*Work order:*
Please copy every record below exactly, but leave the pictures out.

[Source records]

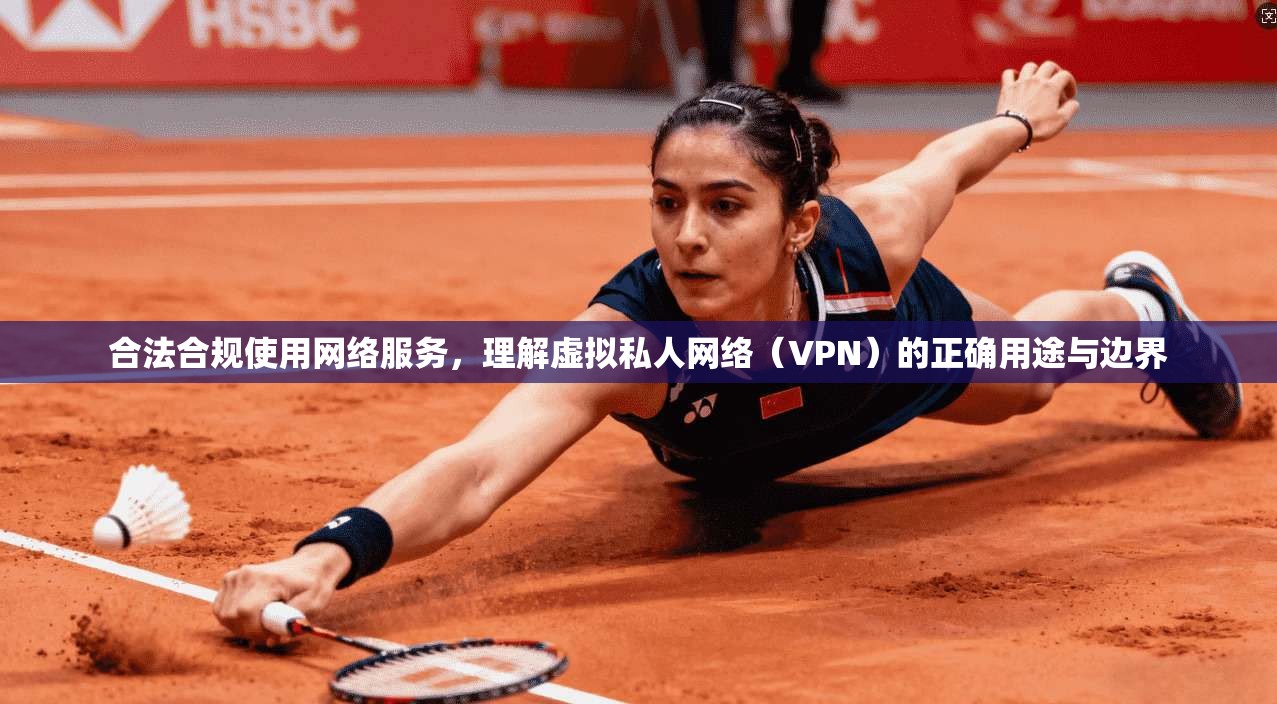 合法合规使用网络服务，理解虚拟私人网络（VPN）的正确用途与边界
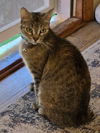 adoptable Cat in  named Willow ( MC)
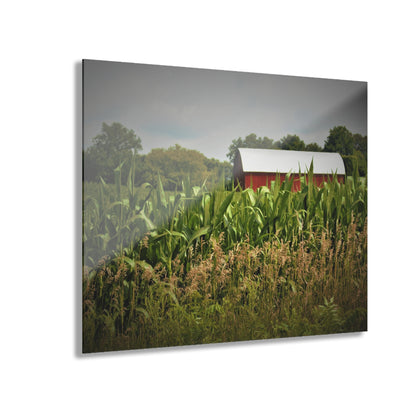 U R There Photography July Corn Rustic Farmhouse Acrylic Wall Print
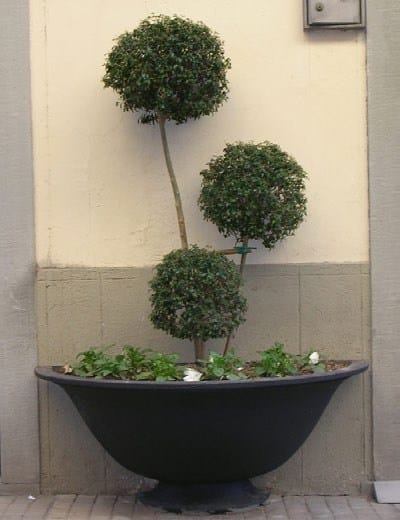 Чугунный плантатор Neri Salix ARCH-00026416 - Вид №5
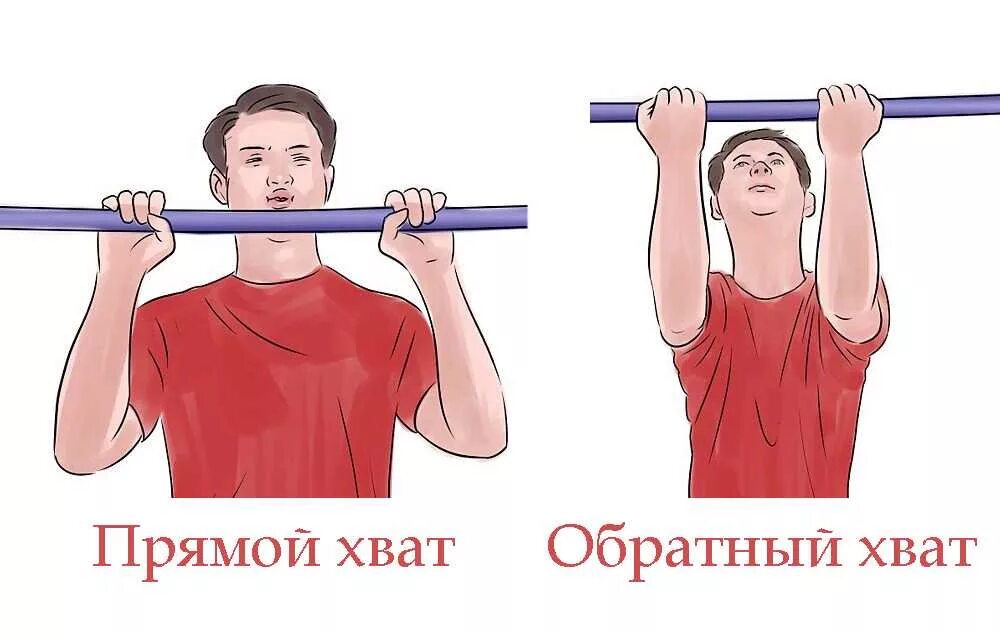 Подтягивания прямым хватом. Подтягивания обратным хватом мышцы. Тяга верхнего блока с v-рукоятью. Подтягивания параллельным хватом мышцы. Узкий обратный хват на турнике.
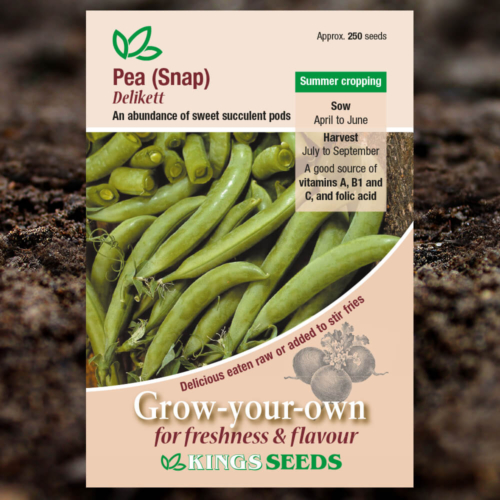 Vegetable Seeds - Sugar Snap Pea - Delikett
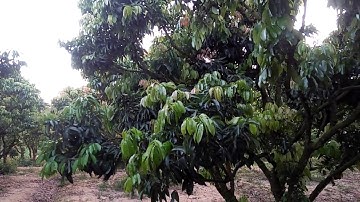 Trời quá hạn, những cây vải khoanh lâu, khoanh rộng có thể bị chết, nên tưới nước giữ cây...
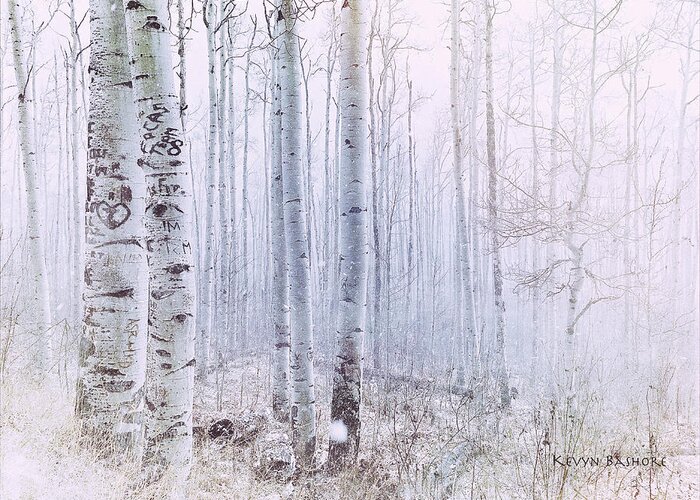 Landscape Greeting Card featuring the photograph Love Amidst the Aspens by Kevyn Bashore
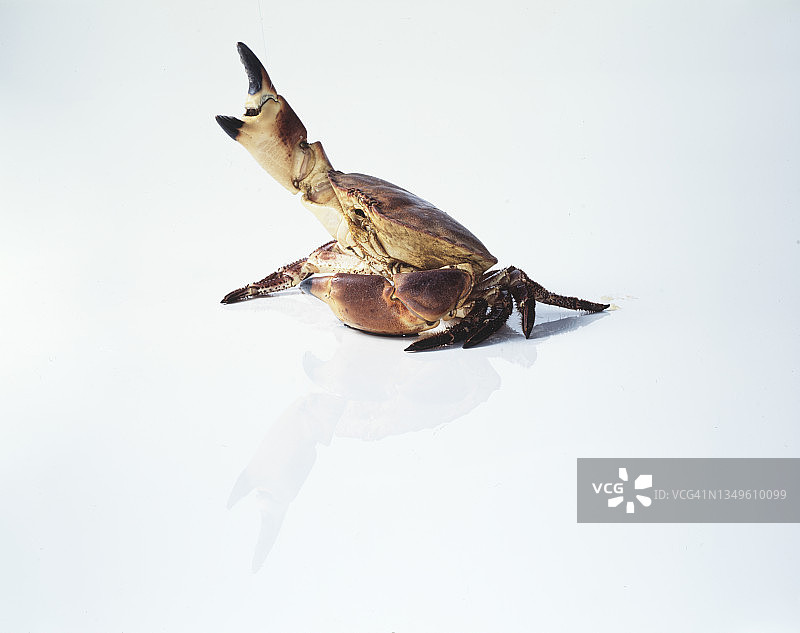 白色背景上的螃蟹图片素材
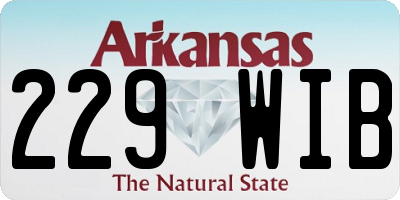 AR license plate 229WIB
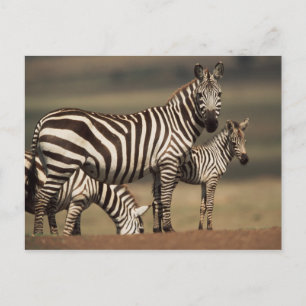 Cartão Postal Bebê de zebra-de-burchell com a mãe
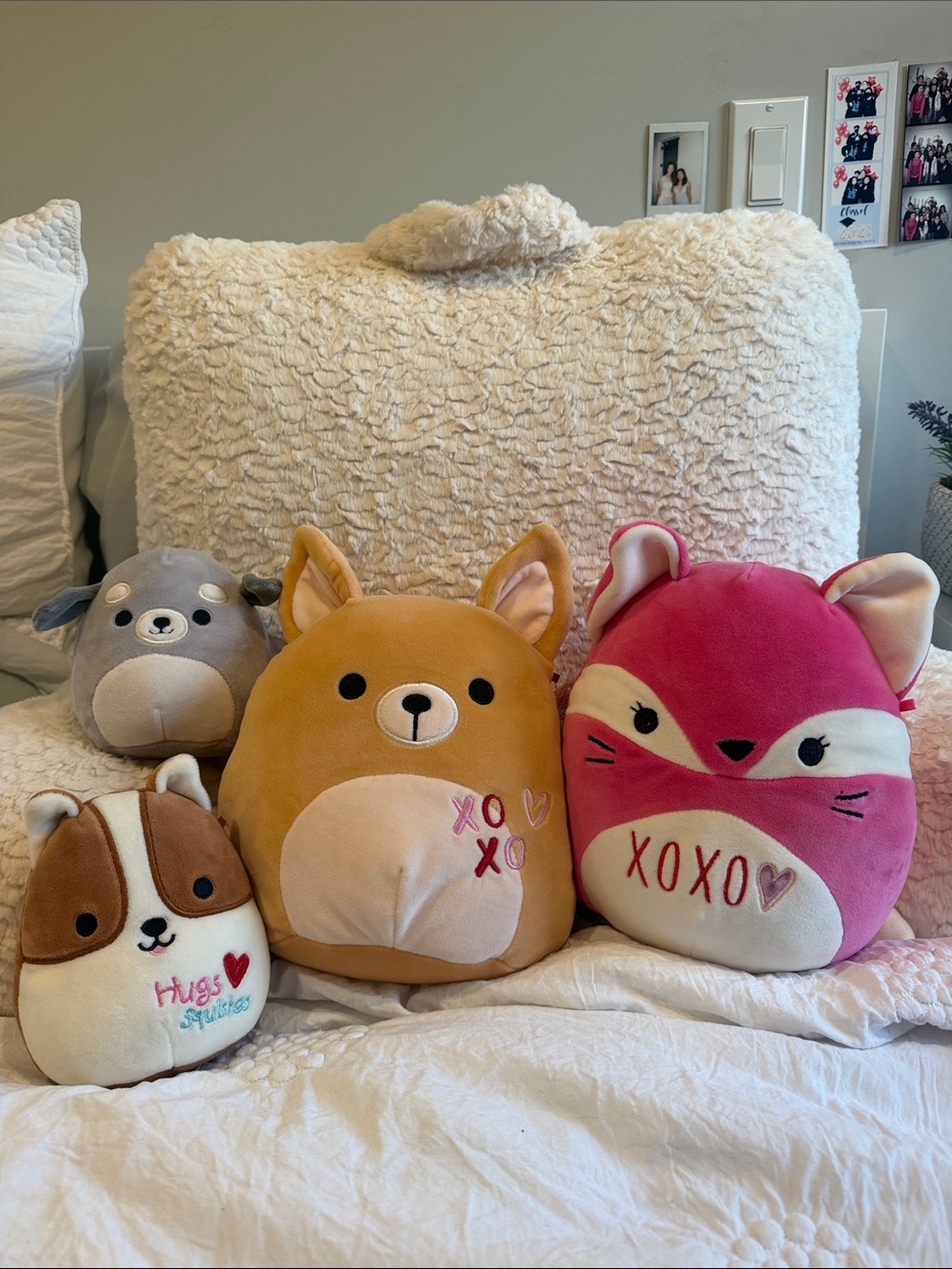 Squishmallows Pink Fox, Tan Corgi, Brown Pup & Gray Seal Plush Bundle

*Answer section:*
 合法合规使用网络服务，理解虚拟私人网络（VPN）的正确用途与边界
 adoptable Cat in  named Willow ( MC)
 U R There Photography July Corn Rustic Farmhouse Acrylic Wall Print
 Чугунный плантатор Neri Salix ARCH-00026416 - Вид №5
 Подтягивания прямым хватом. Подтягивания обратным хватом мышцы. Тяга верхнего блока с v-рукоятью. Подтягивания параллельным хватом мышцы. Узкий обратный хват на турнике.
 Vegetable Seeds - Sugar Snap Pea - Delikett
 Trời quá hạn, những cây vải khoanh lâu, khoanh rộng có thể bị chết, nên tưới nước giữ cây...
 Landscape Greeting Card featuring the photograph Love Amidst the Aspens by Kevyn Bashore
 白色背景上的螃蟹图片素材
 AR license plate 229WIB
 Cartão Postal Bebê de zebra-de-burchell com a mãe
 Squishmallows Pink Fox, Tan Corgi, Brown Pup & Gray Seal Plush Bundle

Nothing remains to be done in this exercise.